Many women who plan a freebirth are unable to share their joy with others. Image courtesy of Wikimedia Commons
In her closing statement the author asks “Are you shocked by reading the advice in these forums?” and I have to say that no I am not. No more shocked than I am when reading the advice in mainstream birth forums which suggest that a woman should just do as the doctor says or that being subject to obstetric violence is okay. Or that electing to endanger your own life with an unnecessary caesarean is totally cool. Or that electing to risk your own baby’s well being with an unnecessary induction is fine. Every single birth option involves risk. I am NEVER shocked when a woman says: I have assessed the benefits, risks and alternatives of my options and this is my decision. Whatever her decision may be. I am more shocked when people abuse her for making an informed decision that isn’t what they think they would make in her situation.

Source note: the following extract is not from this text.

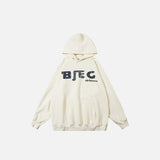 Letter Print Oversized Hoodie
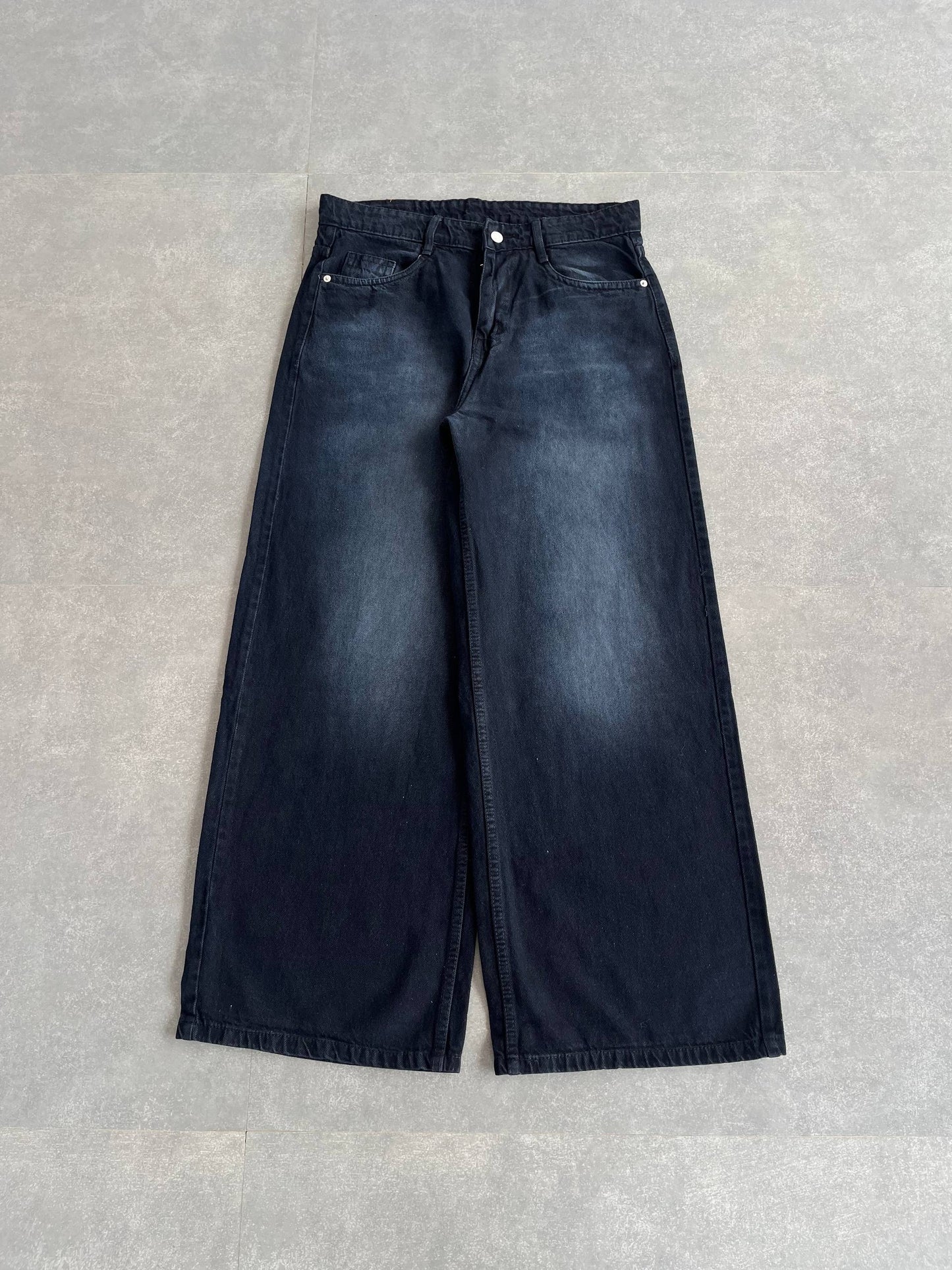 WHITE FOG SHADE WIDE LEG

I did not freebirth either of my children. But due to the circumstances of their births I will likely be required to choose between a freebirth or being subjected to obstetric violence in our local hospital. Freebirthing is not my first choice. But the choice in maternity care here in Australia is all an illusion – unless you are rich, live in a major metropolitan area and are considered low risk by your hospital board (how you perceive the risk, to you, is irrelevant) your choices are usually “standard care” or freebirth. And unfortunately standard care often (but not always…yes I know that there are good and indeed great care providers out there!) involves a good dose of trying to override a woman’s legal rights to make decisions for herself and her baby.
The author tries to make points throughout the article that she supports women’s rights to choose where and how to birth. But what she seems to mean is that she supports women’s rights to choose socially acceptable methods and locations of birth. Remember the quote: “I disagree with what you say but I will fight unto the death your right to say it”? This author will fight for your right to birth your baby how you choose…But only if she agrees with your choice.
Mamamia has really taken “click bait” blogging to a new level. For someone who claims to want an end to the mummy wars she sure has a habit of publishing extremely divisive and disempowering articles. But I guess writing about how it is okay to birth however you want based on your own informed decision doesn’t get ratings. Neither does suggesting that we support each other’s choices even if they are not what we would choose for ourselves. Or even that we simply be kind to one another as you never know the other person’s story. A friend of mine suggested that I write an article about the respect revolution that we need. Blogs like Mamamia are the reason that we need it.
Respect - it's not just for people we agree with. Image courtesy of Wikimedia Commons
**As an added comment: the author quoted “Helen Dahlen”. Unless I’m very much mistaken I believe she meant Hannah Dahlen.